Rapid Eye Movement Sleep Behavior Disorder in Parkinson’s Disease: A Preliminary Study

Article information

JMD. 2016;9(2):114-119
Publication date (electronic) : 2016 March 2
doi : https://doi.org/10.14802/jmd.15039
1College of Medicine, Gachon University, Incheon, Korea
2Department of Neurology, College of Medicine, Gachon University, Incheon, Korea
Corresponding author: Kee Hyung Park, MD, PhD, Department of Neurology, College of Medicine, Gachon University, 21 Namdong-daero 774beon-gil, Namdong-gu, Incheon 21565, Korea / Tel: +82-32-460-3346 / Fax: +82-32-460-3344 / E-mail: khpark@gachon.ac.kr
Received 2015 September 30; Revised 2015 December 1; Accepted 2015 December 17.

Abstract

Objective

Rapid eye movement sleep behavior disorder (RBD) is associated with α-synucleinopathies, such as Parkinson’s disease (PD). We aimed to assess the differences in the clinical characteristics of PD with and without RBD.

Methods

Forty-two patients previously diagnosed with PD were evaluated for clinical history, motor and cognitive functioning using the Unified Parkinson’s Disease Rating Scale (UPDRS) and Mini-Mental State Examination (MMSE), autonomic symptoms, sleep characteristics using the Pittsburg Sleep Quality Index (PSQI), and the presence of RBD using the Korean version of the RBD screening questionnaire (RBDSQ). The prevalence of RBD and the patients’ demographic features were evaluated. The patients were classified into two groups, PD with RBD and PD without RBD, based on the RBDSQ scores. The motor and cognitive functions, as well as other clinical features of the two groups were compared.

Results

A total of 42 PD patients were enrolled. Eighteen patients were classified as PD with RBD. Compared to PD without RBD, PD with RBD showed higher scores of rigidity in the UPDRS subscale. Regarding sleep problems, PD with RBD revealed higher sleep disturbance, lower sleep efficiency, and lower overall sleep quality in the PSQI. There was no difference in cognitive dysfunction between the two groups according to the Korean version of the MMSE.

Conclusions

PD with RBD was associated with poorer sleep and motor symptoms. Therefore, RBD symptoms in PD are possibly poor prognostic markers.

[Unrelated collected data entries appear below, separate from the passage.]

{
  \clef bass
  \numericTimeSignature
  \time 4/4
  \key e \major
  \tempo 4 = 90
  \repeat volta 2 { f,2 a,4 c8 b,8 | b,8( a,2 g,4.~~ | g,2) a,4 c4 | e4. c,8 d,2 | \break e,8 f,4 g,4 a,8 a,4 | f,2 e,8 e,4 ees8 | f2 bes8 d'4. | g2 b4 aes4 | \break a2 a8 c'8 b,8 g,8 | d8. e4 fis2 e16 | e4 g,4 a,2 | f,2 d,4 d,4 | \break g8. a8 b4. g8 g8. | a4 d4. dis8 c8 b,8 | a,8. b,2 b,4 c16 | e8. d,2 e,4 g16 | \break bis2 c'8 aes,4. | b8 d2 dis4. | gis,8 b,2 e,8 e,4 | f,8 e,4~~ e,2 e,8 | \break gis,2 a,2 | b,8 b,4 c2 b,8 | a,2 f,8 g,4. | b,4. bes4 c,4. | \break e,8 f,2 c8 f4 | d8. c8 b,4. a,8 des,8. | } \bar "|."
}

Rapid eye movement (REM) sleep behavior disorder (RBD) is characterized by the loss of muscle atonia during REM sleep and dream enactment, which often leads to injury of the patient or the bed partner [1]. Although its precise pathophysiology is unclear, RBD occurs more frequently in patients with neurodegenerative disease than in the general population, and especially in patients with α-synucleinopathy such as Parkinson’s disease (PD), multiple systemic atrophy (MSA), and dementia with Lewy bodies (DLB) compared to non-synucleinopathy. A number of studies have attempted to reveal the association between RBD and α-synucleinopathies [2-4]. Up to 81% of the patients initially diagnosed with idiopathic RBD eventually developed neurodegenerative diseases in long-term follow-up studies [5,6]. Therefore, RBD is becoming recognized as a clinical predictive factor for neurodegenerative diseases [7,8]. RBD has been reported to be present in 15–72% of PD patients and is associated with poor parkinsonian symptoms, higher daily levodopa dosage, poor autonomic symptoms and cognitive impairment in PD patients [2,9-13]. In this study, we aimed to assess the differences in the clinical characteristics between PD patients with and without RBD in a Korean population.

Although a definite diagnosis of RBD requires polysomnography (PSG), this technique is unsuitable for studies dealing with large populations or clinical settings because the exam is expensive and requires a skilled examiner. For this reason, various RBD screening tools, including the RBD screening questionnaire (RBDSQ), RBD questionnaire-Hong Kong, Mayo sleep questionnaire, and RBD Severity Scale have been developed and utilized in RBD studies [14]. In 2007, Stiasny-Kolster et al. [15] proposed the RBDSQ, a 10-item, patient self-rating tool that has demonstrated a high sensitivity and reasonable specificity for RBD diagnosis as confirmed by PSG. For this study, the Korean version of the RBDSQ (RBDSQ-K) has been developed and utilized for assessment of RBD in PD patients.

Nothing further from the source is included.